The English writer Alan Moore has just published one of the most ambitious, formally innovative and densely researched works of historical fiction of recent years. Its huge cast of characters includes the visionary likes of the three Williams - William Blake, William Morris and William Butler Yeats; its unorthodox speculations draw on scholarly works as diverse as Robert Graves's The White Goddess and Julian Jayne's Origins of Consciousness in the Breakdown of the Bicameral Mind, as well as on art-historical studies of Nicholas Hawskmoor and Walter Sickert, Henry Mayhew's London Labour and the London Poor and the classical historian Diodorus Siculus. Politically, it encompasses Gladstone's Irish policy, the Madhi uprisings and the French invasion of Indochina. It is, in short, just the kind of work that ought to rocket straight on to the Booker shortlist. Or it would do, if it were a novel. But it's not. It's a comic.

Worse still, From Hell is a comic about Jack the Ripper - very much an X-certificate horror comic, too, in which the drawings by Moore's collaborator Eddie Campbell boast abundant quantities of (historically accurate) coarse banter, plus many squalid copulations and more exotic forms of sexual congress, all topped off with at least one portrayal of Saucy Jack at his bloody work that is guaranteed to put you off your breakfast kipper.

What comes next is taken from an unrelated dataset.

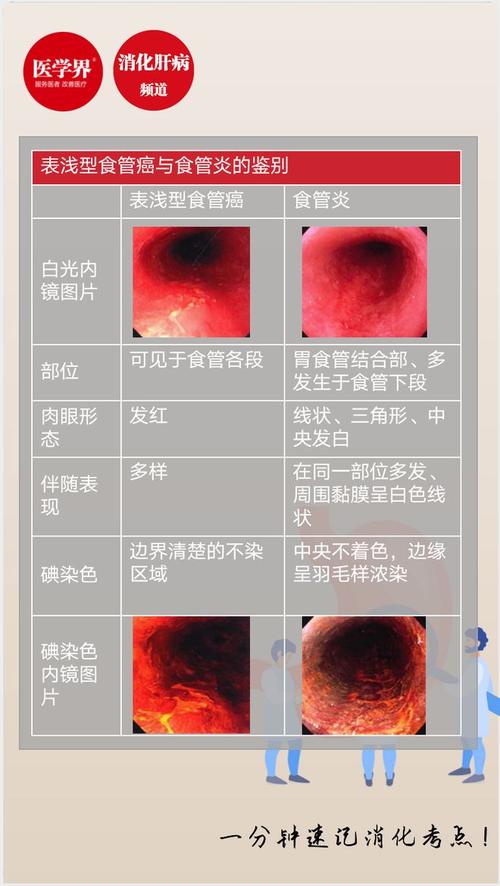 喉癌和食道癌的区别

To echo the immortal words uttered at the time of the Chatterley trial, it is absolutely not the kind of book you would wish your wife or servants to see (though it can be very acute on the relations of masters and servants, and on social class in general). But for those willing (a) to put aside their embarrassment about reading comics once past the age of puberty and (b) to suppress the misgiving that only anoraks and sad nutters can have any interest in the Whitechapel murders of 1888, From Hell may also hold some agreeable surprises.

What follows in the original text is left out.